[Exercise goal] All the lines below should be set down exactly, with no picture carried into the copy.

[Data section]
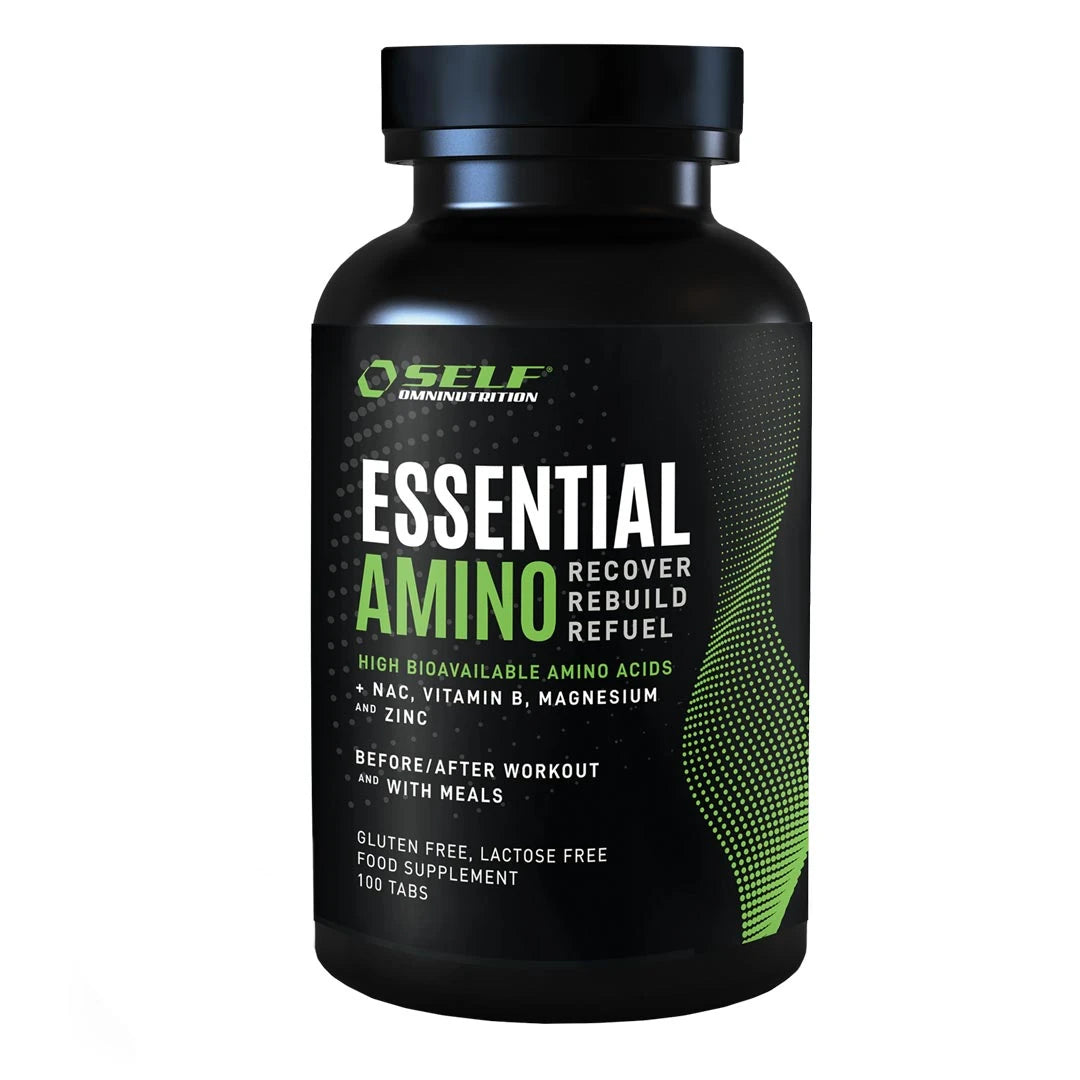 Self Omninutrition Essential Amino 100 tabs kosttilskudd pakket i en svart boks med grønne og hvite detaljer.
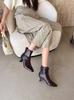 New autumn and winter patent leather square head single boots square root short boots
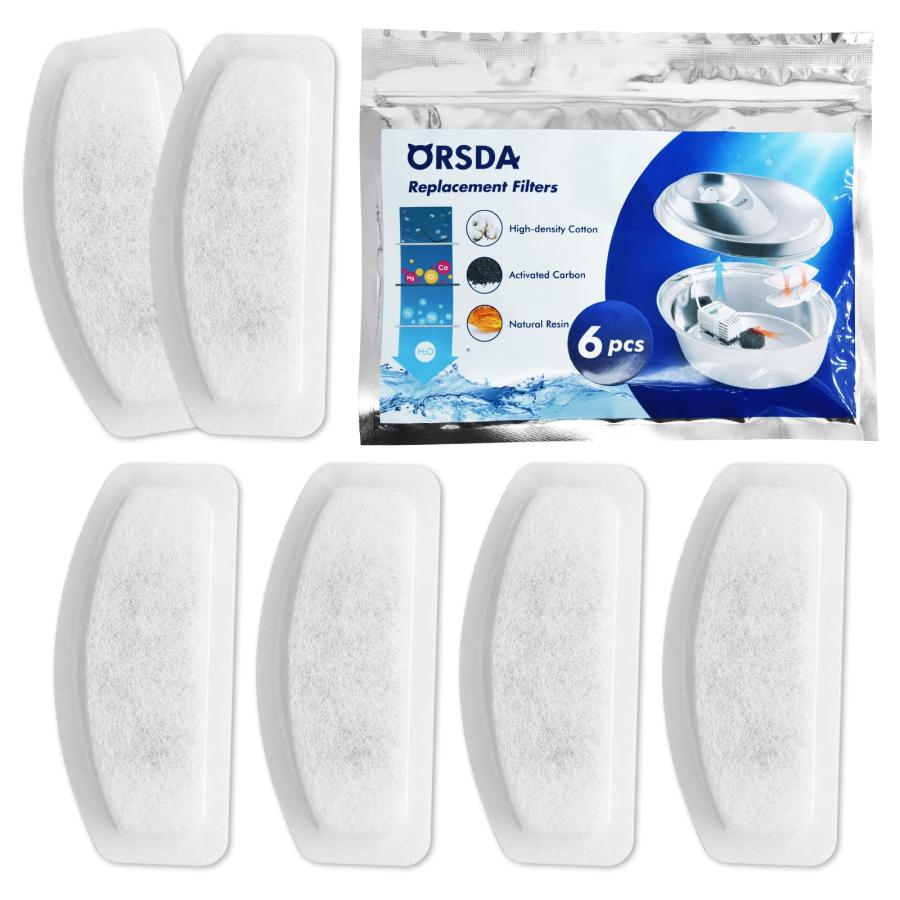 ORSDA ペット自動給水器 2L 専用交換用活性炭フィルター 6枚入 イオン交換樹脂 軟水化活性炭 安全 清潔 被毛濾過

[Task output]
 Self Omninutrition Essential Amino 100 tabs kosttilskudd pakket i en svart boks med grønne og hvite detaljer.
 New autumn and winter patent leather square head single boots square root short boots
 ORSDA ペット自動給水器 2L 専用交換用活性炭フィルター 6枚入 イオン交換樹脂 軟水化活性炭 安全 清潔 被毛濾過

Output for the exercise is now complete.